5/10
Convoluted slow-moving melodrama that over-the-top acting can't quite save.
20 February 2013
Warning: Spoilers
Part Merle Oberon and part Maria Montez, former convent girl Phyllis Calvet leads two lives: one a great lady, the other a fiery gypsy. Her husband (Peter Glenville) and daughter (Patricia Roc) find clues to try and find her after she disappears to return to the gypsy colony she had previously disappeared from a year before. This second personality has her involved with the equally fiery Stewart Granger who vows revenge when he comes to think she is stepping out on him.

Handsome to look at but on occasion a pretentious bore, this isn't a total fiasco, but not one of Gainsborough's true classics.
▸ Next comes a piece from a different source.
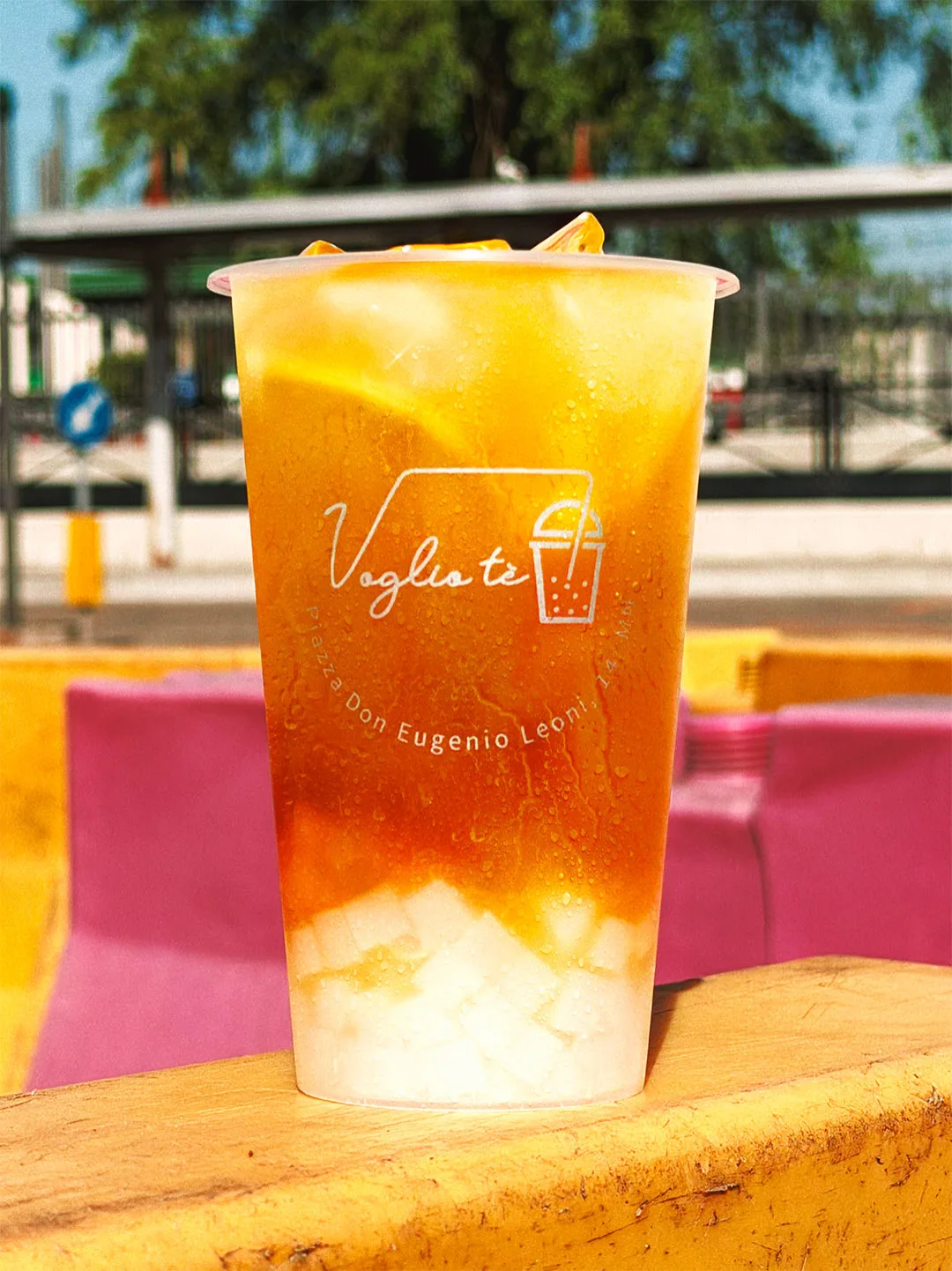 Passion fruit and mango fruit tea with coconut jelly, standing on a yellow road barrier in the sun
The film actually is more interesting when it shows Calvert's emotions erupting as she transforms into her alter. Dulcie Gray steals every scene she is in as a feisty housekeeper, exclaiming at one point that "If they expect something to eat, the only thing they'll get is a piece of my mind". It should be noted that the cause of Calvert's split personality is pretty daring for its day, showing that since the British censors were quite different than the American Hays code, they could get away with things the major studios in Hollywood couldn't. I must also make a mention that in addition to the excellent art direction, the film's sound quality (particularly with its music) is striking as well.